Re: Sinclair 30 years ahead of everyone?

Post by pwa »

fastpedaller wrote:Just a thought I had today.......... Was Sir Clive over 30 years in front? The much maligned C5 was a cheaply produced product of its age, but I wonder if the premium price E-recumbent is around the corner? was he that far ahead of everyone else? and if the product had taken the 'premium price' route it may have succeeded?

The C5 was crap. But the notion of a single person electric vehicle with a fraction of the weight of a car seems very attractive and I think there is inevitably going to be a successful mass produced expression of that concept in the not-too-distant future. But it won't have your bum two inches off the road.
Tangled Metal
Posts: 9509
Joined: 13 Feb 2015, 8:32pm

Re: Sinclair 30 years ahead of everyone?

Post by Tangled Metal »

Isn't there a two seater covered motorcycle like vehicle but with 3 or 4 wheels instead that tilts round bends like motorbikes?
https://www.google.co.uk/amp/amp.timeinc.net/thedrive/accelerator/579/the-11-most-ambitious-leaning-cars%3fsource=dam
atlas_shrugged
Posts: 534
Joined: 8 Nov 2016, 7:50pm

Re: Sinclair 30 years ahead of everyone?

Post by atlas_shrugged »

The other thing that did for the C5 was lack of infra-structure. If you wanted to get from A to B with a C5 then you had to share the road with massive motor-vehicles weighing over 2 tonnes and travelling at 60-70mph.

IMHO if we built highways for sustainable-only vehicles weighing <100kg and width < 1m then this market would take off.

Edited to add: That of course would not be good for UK fuel tax revenues which is why this is never promoted.
Bmblbzzz
Posts: 6324
Joined: 18 May 2012, 7:56pm
Location: From here to there.

Re: Sinclair 30 years ahead of everyone?

Post by Bmblbzzz »

The premium-priced e-recumbent is here, from ICE, Hase and possibly others. I know two people who have them, but they're not going to become common due to the premium price.
pwa
Posts: 17423
Joined: 2 Oct 2011, 8:55pm

Re: Sinclair 30 years ahead of everyone?

Post by pwa »

Bmblbzzz wrote:The premium-priced e-recumbent is here, from ICE, Hase and possibly others. I know two people who have them, but they're not going to become common due to the premium price.

Most people who are otherwise non-cyclists will shy away from anything that has your bum near the ground, sharing roads with cars and lorries.
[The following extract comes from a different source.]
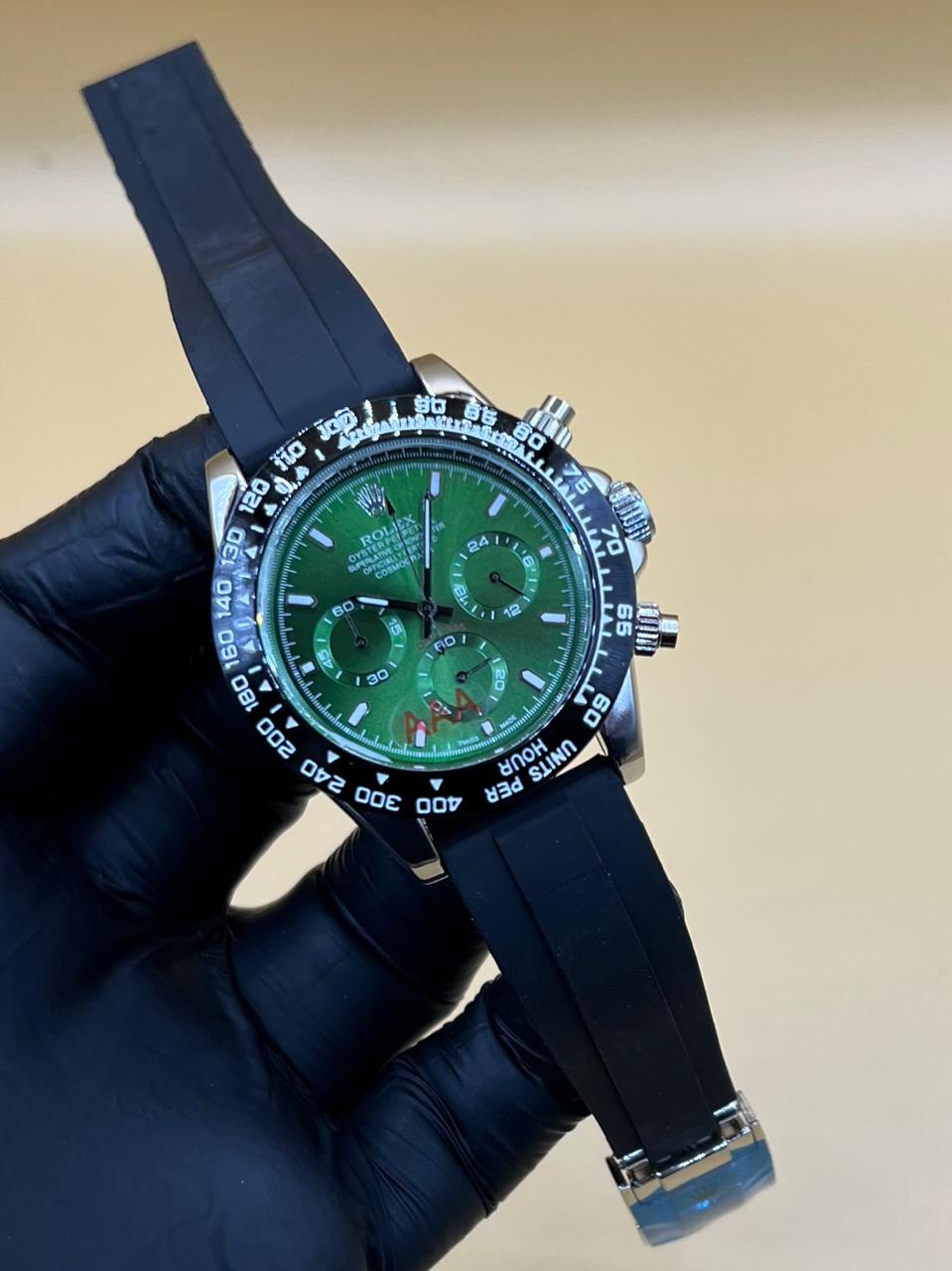 Men Rolex Manual
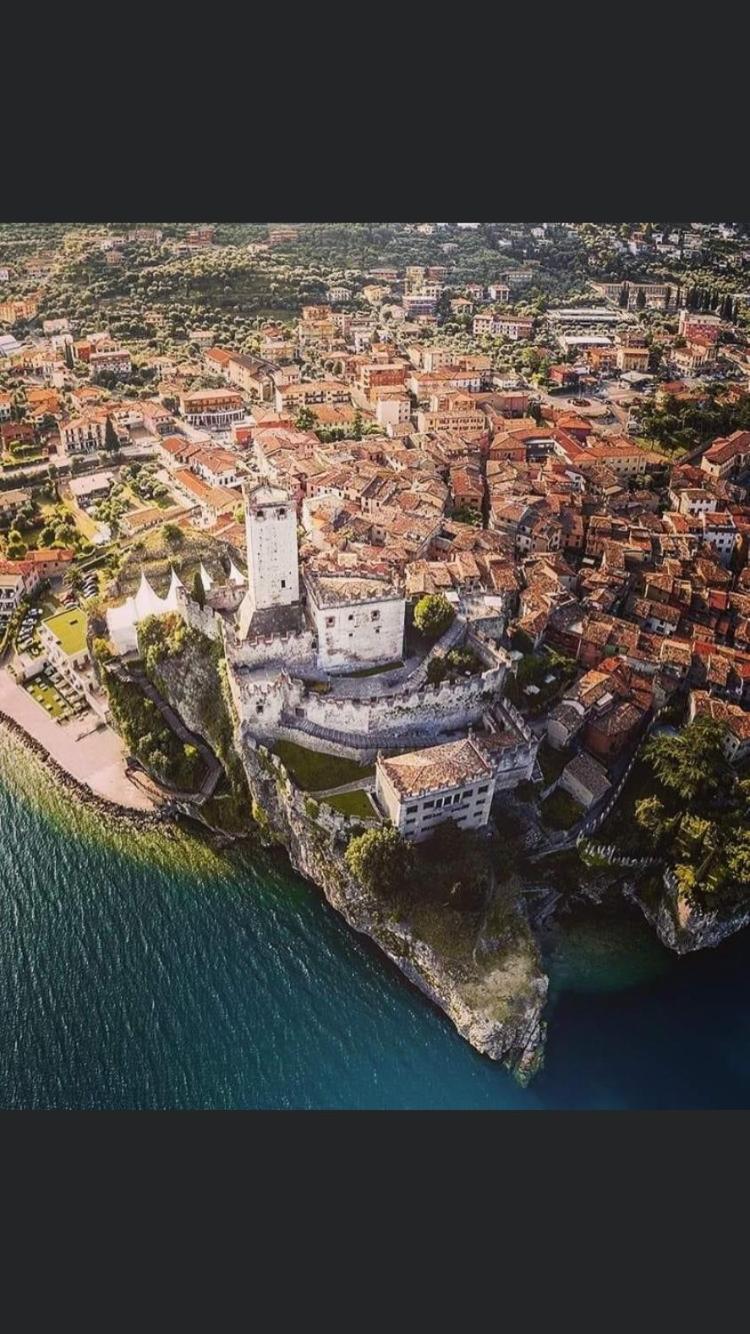 Apartment Lake View Malcesine Extérieur photo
That is partly what killed the C5. They are much more likely to go for standard upright e-bikes that make them feel less vulnerable. We can debate the real safety / danger implications of rider height, but regardless of that there is a psychological barrier to sitting low down in traffic. And that means that sales would be very small. If you want to sell a lot you have to get the user higher up, simply to get the sales.
kwackers
Posts: 15643
Joined: 4 Jun 2008, 9:29pm
Location: Warrington

Re: Sinclair 30 years ahead of everyone?

Post by kwackers »

pwa wrote:Most people who are otherwise non-cyclists will shy away from anything that has your bum near the ground, sharing roads with cars and lorries. That is partly what killed the C5. They are much more likely to go for standard upright e-bikes that make them feel less vulnerable. We can debate the real safety / danger implications of rider height, but regardless of that there is a psychological barrier to sitting low down in traffic. And that means that sales would be very small. If you want to sell a lot you have to get the user higher up, simply to get the sales.

Funny, I was thinking about recumbents with regards to a video I posted a link to.

A guy in a 4x4 went the wrong way around an island in order to overtake me a little later. The thing was he was in a 4x4 and his view was cut off by a row of stacked packs of bricks.
Due to his height he would have presumably assumed he could see anything coming over the bricks - but he wouldn't have been able to see a recumbent.
Obviously the odds are vanishingly small that there would have been one but it made me think.
tatanab
Posts: 5038
Joined: 8 Feb 2007, 12:37pm

Re: Sinclair 30 years ahead of everyone?

Post by tatanab »

kwackers wrote:Due to his height he would have presumably assumed he could see anything coming over the bricks - but he wouldn't have been able to see a recumbent.
Or a Lotus 7.
Bmblbzzz
Posts: 6324
Joined: 18 May 2012, 7:56pm
Location: From here to there.

Re: Sinclair 30 years ahead of everyone?

Post by Bmblbzzz »

pwa wrote:
Bmblbzzz wrote:The premium-priced e-recumbent is here, from ICE, Hase and possibly others. I know two people who have them, but they're not going to become common due to the premium price.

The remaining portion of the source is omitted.